I had been involved with a few Web Single-Sign-On projects for the past few years, and I noticed that for most of these projects, funding had been a major concern, either for maintenance, upgrades, or enhancements. In this post, I will look into the existing charging model, as well as propose alternatives.

Infrastructure Cost

This is the most typical approach taken to fund the Single-Sign-On system maintenance. It is treated as an infrastructure cost, like network, email, directory services. A budget is requested and approved at the start of the financial year, and it must include all the necessary cost to keep the system running, including upgrades and enhancements.

Since the amount of money is fix, there is little room for improvement. Relegated to infrastructure utility, the system owner could not take a pro-active stance to enhance the system, for example to add in adaptive risk authentication, multiple-factor authentication, or token-based authentication.

User Base Charging to Business Units

This is actually a very popular approach taken by the product vendors, to charge by number of users. This could actually be taken up by the enterprise itself to charge each business units base on the number of user accounts in the system. An on-going revenue to the system could turn the system from a cost centre to a profit centre, giving them more flexibility into enhancing the system to better serve the customers.

This requires first a culture where business units charge each other internally. It also requires the Single-Sign-On system team to adopt a service provider mentality (which many might already be doing), adhering to strict Service Level Agreement (which again many might already be doing). An important mechanism is of course the ability to organise the accounts into the various business units, such that they can be billed accordingly, and accurately.

User Access Charging to Business Units

While user base charging is simple enough to do, this might not be an accurate representation of the actual usage. Business Unit A might have 100 user, and they generate only 10,000 authentication and authorisation access daily. Another Business Unit B might have 20 users, but they generate 20,000 authentication and authorisation, simply due to the difference in their daily usage pattern. It would make more sense to charge Business Unit B more than Business Unit A, due to the higher number of access.

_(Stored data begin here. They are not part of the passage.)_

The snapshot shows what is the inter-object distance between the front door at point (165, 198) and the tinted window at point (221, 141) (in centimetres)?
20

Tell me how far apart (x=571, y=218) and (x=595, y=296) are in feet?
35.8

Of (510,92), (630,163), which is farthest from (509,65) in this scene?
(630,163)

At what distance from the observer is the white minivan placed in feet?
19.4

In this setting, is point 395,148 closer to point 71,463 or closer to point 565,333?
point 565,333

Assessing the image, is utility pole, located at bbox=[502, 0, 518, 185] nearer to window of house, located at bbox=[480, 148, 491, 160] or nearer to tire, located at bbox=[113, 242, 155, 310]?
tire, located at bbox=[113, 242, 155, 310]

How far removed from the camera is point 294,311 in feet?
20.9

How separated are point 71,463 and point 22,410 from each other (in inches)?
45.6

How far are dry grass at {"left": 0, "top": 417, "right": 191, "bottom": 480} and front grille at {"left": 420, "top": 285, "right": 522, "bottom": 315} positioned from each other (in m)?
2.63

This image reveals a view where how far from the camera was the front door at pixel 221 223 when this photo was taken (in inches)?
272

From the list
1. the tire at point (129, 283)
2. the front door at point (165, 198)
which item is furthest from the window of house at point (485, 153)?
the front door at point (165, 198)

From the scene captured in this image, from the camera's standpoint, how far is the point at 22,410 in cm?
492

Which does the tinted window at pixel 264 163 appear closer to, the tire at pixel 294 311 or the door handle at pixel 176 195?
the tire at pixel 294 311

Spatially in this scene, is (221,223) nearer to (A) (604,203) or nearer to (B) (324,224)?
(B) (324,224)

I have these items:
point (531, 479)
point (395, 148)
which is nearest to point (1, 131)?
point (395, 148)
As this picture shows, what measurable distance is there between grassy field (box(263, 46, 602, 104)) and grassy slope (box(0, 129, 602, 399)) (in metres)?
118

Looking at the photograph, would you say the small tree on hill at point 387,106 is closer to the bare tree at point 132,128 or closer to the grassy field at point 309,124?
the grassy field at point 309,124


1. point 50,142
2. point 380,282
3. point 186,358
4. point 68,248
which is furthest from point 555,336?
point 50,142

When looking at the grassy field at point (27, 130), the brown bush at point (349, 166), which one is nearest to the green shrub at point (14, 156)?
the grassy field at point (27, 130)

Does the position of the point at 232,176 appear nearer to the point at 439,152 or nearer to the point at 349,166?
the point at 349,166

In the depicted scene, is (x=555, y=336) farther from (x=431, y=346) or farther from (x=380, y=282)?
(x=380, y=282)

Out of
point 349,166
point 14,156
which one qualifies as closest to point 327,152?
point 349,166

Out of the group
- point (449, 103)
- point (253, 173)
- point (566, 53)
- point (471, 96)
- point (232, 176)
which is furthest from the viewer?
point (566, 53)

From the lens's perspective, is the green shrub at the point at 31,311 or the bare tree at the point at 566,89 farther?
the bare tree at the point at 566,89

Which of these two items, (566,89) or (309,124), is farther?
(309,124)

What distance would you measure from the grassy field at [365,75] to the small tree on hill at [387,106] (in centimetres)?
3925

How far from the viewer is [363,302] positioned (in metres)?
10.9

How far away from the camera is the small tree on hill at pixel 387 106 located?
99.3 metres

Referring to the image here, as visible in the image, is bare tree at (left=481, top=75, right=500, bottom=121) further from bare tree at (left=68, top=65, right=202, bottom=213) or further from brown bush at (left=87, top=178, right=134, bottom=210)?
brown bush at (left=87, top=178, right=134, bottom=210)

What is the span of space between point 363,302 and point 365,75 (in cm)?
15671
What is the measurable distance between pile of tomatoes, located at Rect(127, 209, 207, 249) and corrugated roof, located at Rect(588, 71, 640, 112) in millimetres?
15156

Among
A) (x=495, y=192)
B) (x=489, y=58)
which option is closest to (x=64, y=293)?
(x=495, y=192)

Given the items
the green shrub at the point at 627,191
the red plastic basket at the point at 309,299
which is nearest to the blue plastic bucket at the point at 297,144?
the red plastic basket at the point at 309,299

In order to achieve this, the system must first be able to aggregate all access. This could take a significant amount of effort and storage space. But this would allow the Single-Sign-On system team to perform better capacity planning, as well as scale the system more accurately. They would know that another increase of 10 users in Business Unit B would require higher capacity as compared to the 10 users in Business Unit A.

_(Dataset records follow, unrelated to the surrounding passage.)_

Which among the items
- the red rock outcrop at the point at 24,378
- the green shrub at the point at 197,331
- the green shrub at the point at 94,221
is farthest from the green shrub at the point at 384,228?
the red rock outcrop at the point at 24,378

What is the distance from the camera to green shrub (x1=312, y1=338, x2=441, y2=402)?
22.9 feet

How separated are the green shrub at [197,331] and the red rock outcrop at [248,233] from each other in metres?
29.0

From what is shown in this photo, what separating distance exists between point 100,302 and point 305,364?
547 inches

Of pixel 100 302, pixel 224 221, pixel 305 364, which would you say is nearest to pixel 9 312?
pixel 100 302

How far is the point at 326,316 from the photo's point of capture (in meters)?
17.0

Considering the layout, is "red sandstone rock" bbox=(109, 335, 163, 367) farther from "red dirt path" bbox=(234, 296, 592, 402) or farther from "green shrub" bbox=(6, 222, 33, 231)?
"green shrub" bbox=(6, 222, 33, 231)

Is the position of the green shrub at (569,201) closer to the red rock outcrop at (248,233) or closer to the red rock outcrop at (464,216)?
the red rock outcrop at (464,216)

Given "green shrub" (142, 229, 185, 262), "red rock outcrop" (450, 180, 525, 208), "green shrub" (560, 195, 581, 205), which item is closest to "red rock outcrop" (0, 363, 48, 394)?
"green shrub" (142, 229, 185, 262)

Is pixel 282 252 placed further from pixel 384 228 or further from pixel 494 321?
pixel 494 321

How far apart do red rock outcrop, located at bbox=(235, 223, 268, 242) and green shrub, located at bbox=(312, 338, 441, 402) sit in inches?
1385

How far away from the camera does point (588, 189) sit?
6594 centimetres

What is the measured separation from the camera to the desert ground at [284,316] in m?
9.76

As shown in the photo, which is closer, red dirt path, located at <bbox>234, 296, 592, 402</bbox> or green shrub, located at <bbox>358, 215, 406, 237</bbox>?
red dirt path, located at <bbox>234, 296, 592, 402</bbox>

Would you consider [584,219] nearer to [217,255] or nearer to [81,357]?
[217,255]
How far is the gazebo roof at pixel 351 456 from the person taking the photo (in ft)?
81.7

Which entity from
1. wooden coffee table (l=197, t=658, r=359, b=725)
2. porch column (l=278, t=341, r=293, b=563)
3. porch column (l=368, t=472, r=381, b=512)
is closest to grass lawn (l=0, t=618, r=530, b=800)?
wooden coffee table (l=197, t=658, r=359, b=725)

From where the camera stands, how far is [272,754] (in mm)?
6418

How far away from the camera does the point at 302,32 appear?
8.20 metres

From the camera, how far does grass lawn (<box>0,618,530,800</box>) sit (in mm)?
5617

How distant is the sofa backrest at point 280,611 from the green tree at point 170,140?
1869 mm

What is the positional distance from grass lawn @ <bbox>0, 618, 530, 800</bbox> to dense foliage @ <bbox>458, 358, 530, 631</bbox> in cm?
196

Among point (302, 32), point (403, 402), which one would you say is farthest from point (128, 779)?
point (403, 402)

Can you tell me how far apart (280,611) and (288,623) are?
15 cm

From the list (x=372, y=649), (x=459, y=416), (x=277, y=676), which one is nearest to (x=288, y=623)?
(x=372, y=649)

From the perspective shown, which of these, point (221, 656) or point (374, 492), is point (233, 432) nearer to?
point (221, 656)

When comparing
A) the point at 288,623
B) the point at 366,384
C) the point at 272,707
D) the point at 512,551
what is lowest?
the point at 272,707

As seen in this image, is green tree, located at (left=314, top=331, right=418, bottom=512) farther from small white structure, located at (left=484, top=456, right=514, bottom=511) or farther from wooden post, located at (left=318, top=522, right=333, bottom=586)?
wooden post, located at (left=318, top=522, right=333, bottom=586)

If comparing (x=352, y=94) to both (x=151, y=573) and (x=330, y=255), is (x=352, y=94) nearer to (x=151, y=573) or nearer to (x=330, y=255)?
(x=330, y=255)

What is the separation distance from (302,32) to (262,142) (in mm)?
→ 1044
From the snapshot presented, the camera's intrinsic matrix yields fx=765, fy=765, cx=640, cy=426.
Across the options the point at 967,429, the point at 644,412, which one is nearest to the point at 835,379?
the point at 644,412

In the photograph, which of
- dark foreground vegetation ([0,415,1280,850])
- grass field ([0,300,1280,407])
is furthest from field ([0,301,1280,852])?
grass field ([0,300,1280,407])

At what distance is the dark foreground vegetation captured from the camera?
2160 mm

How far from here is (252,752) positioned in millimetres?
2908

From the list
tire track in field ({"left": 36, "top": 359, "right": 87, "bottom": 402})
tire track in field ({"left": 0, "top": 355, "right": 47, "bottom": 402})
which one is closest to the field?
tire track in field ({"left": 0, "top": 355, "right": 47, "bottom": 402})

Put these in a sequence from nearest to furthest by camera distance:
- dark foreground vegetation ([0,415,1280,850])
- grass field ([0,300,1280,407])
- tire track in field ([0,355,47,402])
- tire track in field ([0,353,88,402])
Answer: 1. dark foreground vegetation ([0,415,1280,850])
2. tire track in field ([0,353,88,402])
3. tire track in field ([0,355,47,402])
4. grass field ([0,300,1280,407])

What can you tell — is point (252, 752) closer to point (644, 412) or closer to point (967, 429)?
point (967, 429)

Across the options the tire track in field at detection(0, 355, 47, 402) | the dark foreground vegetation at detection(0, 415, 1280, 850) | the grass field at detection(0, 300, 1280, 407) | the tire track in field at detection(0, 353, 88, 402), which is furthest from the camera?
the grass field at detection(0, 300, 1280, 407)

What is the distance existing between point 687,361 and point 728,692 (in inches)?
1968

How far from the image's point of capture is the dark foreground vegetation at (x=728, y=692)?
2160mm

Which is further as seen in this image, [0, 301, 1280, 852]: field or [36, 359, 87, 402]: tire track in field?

User Access Charging to Applications

User access pattern are dictated much more by how an application is designed, than how a user might want to use it. A badly designed application might incur much more user authorisation request on the Single-Sign-On system than a well designed application with lesser steps. It might make more sense to charge the application owners themselves rather than the users.

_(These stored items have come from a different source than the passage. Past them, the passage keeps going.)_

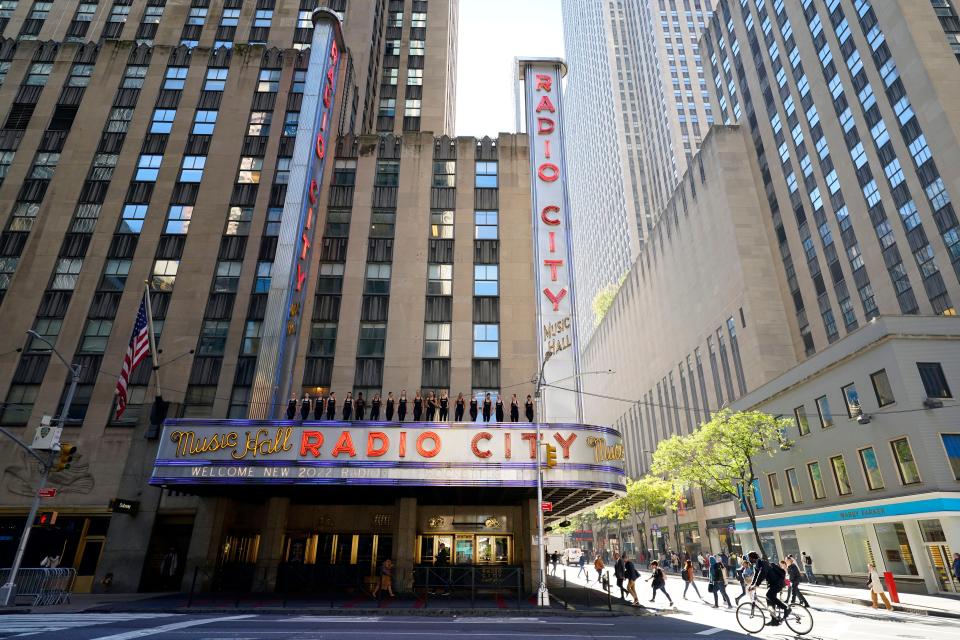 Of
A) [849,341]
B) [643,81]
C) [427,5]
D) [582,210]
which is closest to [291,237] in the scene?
[849,341]

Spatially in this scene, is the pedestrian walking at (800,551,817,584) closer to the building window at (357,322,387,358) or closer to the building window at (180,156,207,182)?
the building window at (357,322,387,358)

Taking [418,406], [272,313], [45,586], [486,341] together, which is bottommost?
[45,586]

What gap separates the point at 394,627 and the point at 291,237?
2376 cm

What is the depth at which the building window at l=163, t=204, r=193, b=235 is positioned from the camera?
39.1m

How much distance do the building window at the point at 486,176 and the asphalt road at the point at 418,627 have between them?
30407mm

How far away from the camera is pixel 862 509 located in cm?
3319

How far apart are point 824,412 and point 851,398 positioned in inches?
126

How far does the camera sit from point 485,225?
1578 inches

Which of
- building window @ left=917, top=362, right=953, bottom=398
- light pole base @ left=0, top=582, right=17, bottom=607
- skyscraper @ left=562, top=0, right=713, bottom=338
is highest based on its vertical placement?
skyscraper @ left=562, top=0, right=713, bottom=338

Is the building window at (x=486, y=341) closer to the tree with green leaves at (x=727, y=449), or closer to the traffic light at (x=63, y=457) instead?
the tree with green leaves at (x=727, y=449)

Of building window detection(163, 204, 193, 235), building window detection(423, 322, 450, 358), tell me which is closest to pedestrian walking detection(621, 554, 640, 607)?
building window detection(423, 322, 450, 358)

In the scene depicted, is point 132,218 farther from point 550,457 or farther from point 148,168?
point 550,457

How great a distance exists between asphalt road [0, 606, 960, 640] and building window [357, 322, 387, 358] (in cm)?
1875

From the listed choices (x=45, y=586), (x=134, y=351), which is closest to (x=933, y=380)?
(x=134, y=351) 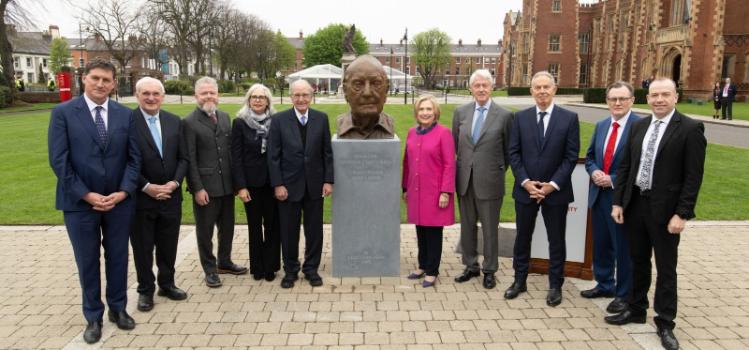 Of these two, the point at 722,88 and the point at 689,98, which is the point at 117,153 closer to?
the point at 722,88

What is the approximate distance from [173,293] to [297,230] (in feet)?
4.59

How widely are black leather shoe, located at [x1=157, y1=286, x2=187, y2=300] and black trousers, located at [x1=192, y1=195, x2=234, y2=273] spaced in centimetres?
43

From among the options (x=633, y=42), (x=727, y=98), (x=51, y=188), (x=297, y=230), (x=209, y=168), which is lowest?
(x=51, y=188)

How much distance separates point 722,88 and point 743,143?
9.16 meters

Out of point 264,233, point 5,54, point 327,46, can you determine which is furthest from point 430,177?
point 327,46

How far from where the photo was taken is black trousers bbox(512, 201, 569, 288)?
17.1 ft

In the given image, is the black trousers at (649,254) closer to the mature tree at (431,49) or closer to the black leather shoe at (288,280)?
the black leather shoe at (288,280)

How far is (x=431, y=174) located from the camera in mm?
5590

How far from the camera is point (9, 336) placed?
4547mm

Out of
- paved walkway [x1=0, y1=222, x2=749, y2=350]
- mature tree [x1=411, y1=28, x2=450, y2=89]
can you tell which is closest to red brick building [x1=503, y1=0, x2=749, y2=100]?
mature tree [x1=411, y1=28, x2=450, y2=89]

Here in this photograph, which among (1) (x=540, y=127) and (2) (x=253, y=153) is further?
(2) (x=253, y=153)

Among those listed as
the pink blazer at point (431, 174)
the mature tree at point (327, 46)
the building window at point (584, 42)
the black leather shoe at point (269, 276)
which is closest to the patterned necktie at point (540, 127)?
the pink blazer at point (431, 174)

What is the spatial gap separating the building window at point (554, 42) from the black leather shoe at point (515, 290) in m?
59.5

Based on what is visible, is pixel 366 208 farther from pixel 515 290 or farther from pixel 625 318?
pixel 625 318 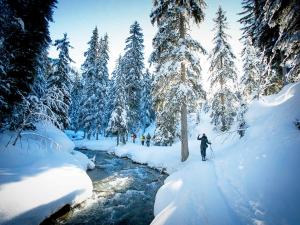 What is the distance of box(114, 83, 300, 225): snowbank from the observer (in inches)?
222

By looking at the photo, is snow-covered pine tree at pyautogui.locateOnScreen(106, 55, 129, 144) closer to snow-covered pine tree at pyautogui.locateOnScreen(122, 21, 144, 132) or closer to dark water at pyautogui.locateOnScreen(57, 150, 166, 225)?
snow-covered pine tree at pyautogui.locateOnScreen(122, 21, 144, 132)

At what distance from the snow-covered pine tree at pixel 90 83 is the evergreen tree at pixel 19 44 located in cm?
1969

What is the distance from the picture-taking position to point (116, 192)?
40.3ft

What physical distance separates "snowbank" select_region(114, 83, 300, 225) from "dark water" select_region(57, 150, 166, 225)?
116cm

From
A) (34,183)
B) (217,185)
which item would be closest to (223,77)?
(217,185)

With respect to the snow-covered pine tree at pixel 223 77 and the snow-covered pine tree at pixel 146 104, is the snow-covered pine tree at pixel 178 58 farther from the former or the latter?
the snow-covered pine tree at pixel 146 104

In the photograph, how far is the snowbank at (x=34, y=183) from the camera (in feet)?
24.7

This charging model does come with a drawback. If you charge the application owners, who will they transfer the cost to? It would then logically seems that they should charge the end users themselves. As such, for this to be implemented, the culture must be such that the applications themselves become service providers and charge the business units. In fact, with this model, it can be much clearer on which applications are really using up the system. The capacity planning is much more accurate in this scenario as compared to the earlier, as application usage is much more predictable than user usage.

What about authorisation access in this case? The Single-Sign-On system could continue to charge the business users by user base or authentication access, but their cost would be insignificant compared to the authorisation access. It might be simpler for the cost to be absorbed instead.

Summary

We looked at the current charging model that most enterprise adopt, which is Infrastructure Cost, and went on to propose other possible models. The other models convert the Single-Sign-On system from a cost centre to a profit centre, and transform the enterprise culture such that the team is treated as a service provider. Being a profit centre, the team can pursue more ways to improve and enhance the system, which could further improve the business capability of the enterprise.